As anticipated, Probly can work with different kinds of models built with different frameworks without the need for seperate functions to handle their differences. 
Likewise we can specify the dropout-rate by passing it as the second argument. 

### 4.5 A quick look at some output

At last we want to look at some output generated by a model implementing dropout as a bayesian aproximation for the quantification of uncertainty.

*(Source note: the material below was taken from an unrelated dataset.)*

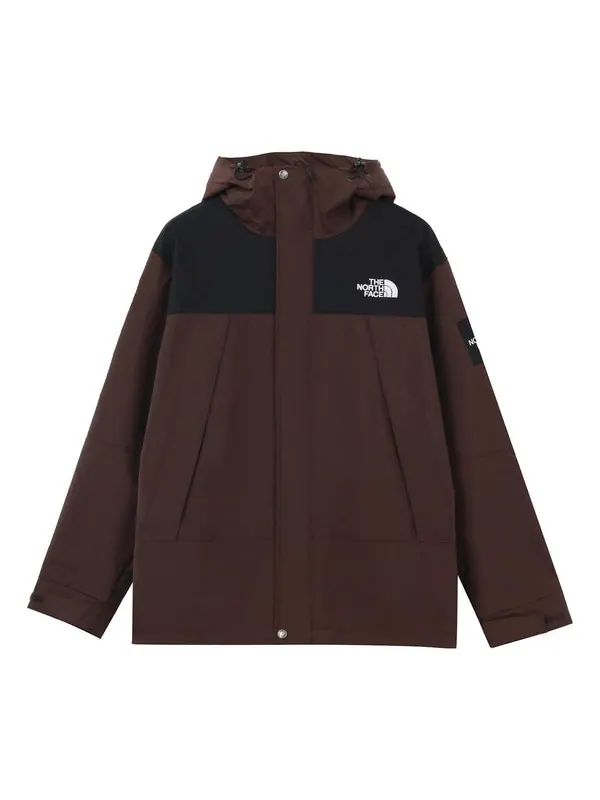 Куртка logo mountain jacket 'brown' The North Face — изображение 1 из 2, коричневый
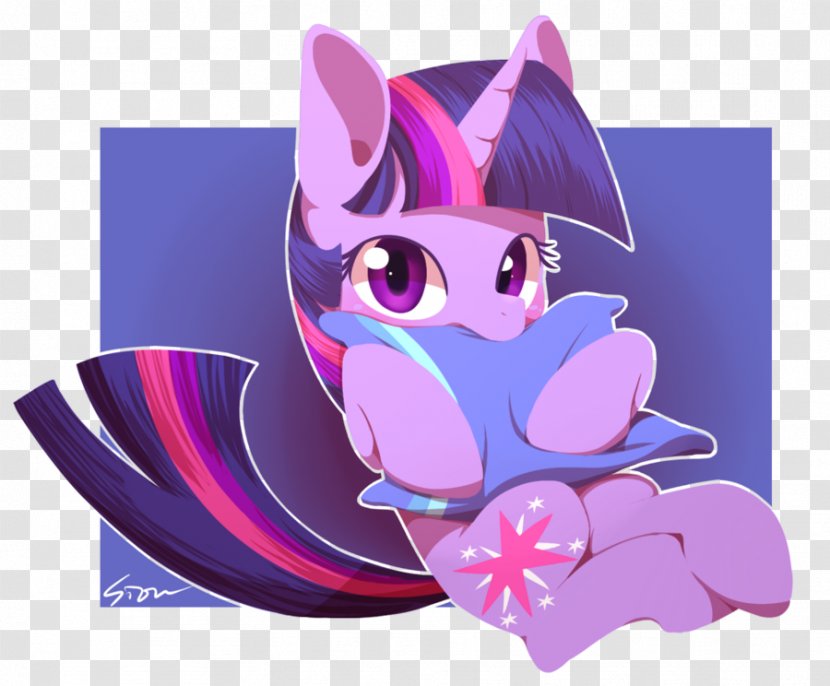 Twilight Sparkle Rarity Pony Equestria Cat - Fan Art Transparent PNG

Note that these examples are made with untrained models and are only intended to demonstrate what we could do with those transformed models.  
  
For our example we will implement a small model with torch and transform it:

In [67]:
demo_model = nn.Sequential(
    nn.Linear(2, 2),
    nn.ReLU(),
    nn.Linear(2, 1)
)

demo_dropout_model = dropout(demo_model, 0.3)

print(demo_dropout_model)

Sequential(
  (0): Linear(in_features=2, out_features=2, bias=True)
  (1): ReLU()
  (2_0): Dropout(p=0.3, inplace=False)
  (2_1): Linear(in_features=2, out_features=1, bias=True)
)


Now that we have transformed our model we can proceed with:
1. Generating some random input for the model
2. Setting the model to train since we want to keep the dropout layer active
3. Analysing the output

In [None]:
from torch import randn, no_grad

# generates a random input for the model
input = randn(1, 2)
output = []

demo_dropout_model.eval()
# Set only dropout layers to train to keep them active
for m in demo_dropout_model.modules():
    if isinstance(m, nn.Dropout):
        m.train()


# pass the input to the model for a few times
with no_grad():
    for _ in range(8):
        x = demo_dropout_model(input)
        output.append(x.item())

print(output)

[0.312858909368515, 0.27893561124801636, 0.27893561124801636, 0.312858909368515, 0.27893561124801636, 0.27893561124801636, 0.27893561124801636, 0.27893561124801636]


We can see that the output is not always the same if we run this multiple times.  
Now we will calculate the output variance with numpy: 

In [117]:
import numpy as np

variance = np.var(output)
print(f"The output has a variance of {variance}")

The output has a variance of 0.0002157731541322927


This variance is what gives us information about input uncertainty in that input point.

You might ask why the variance in this example is so low. That is caused by the fact that we did not train the model in any shape or form and it is just "uniformly bad" at predicting anything.  

A quick training would probably suffice to generate a bigger variance.



#### This concludes the introduction to probly's Dropout function.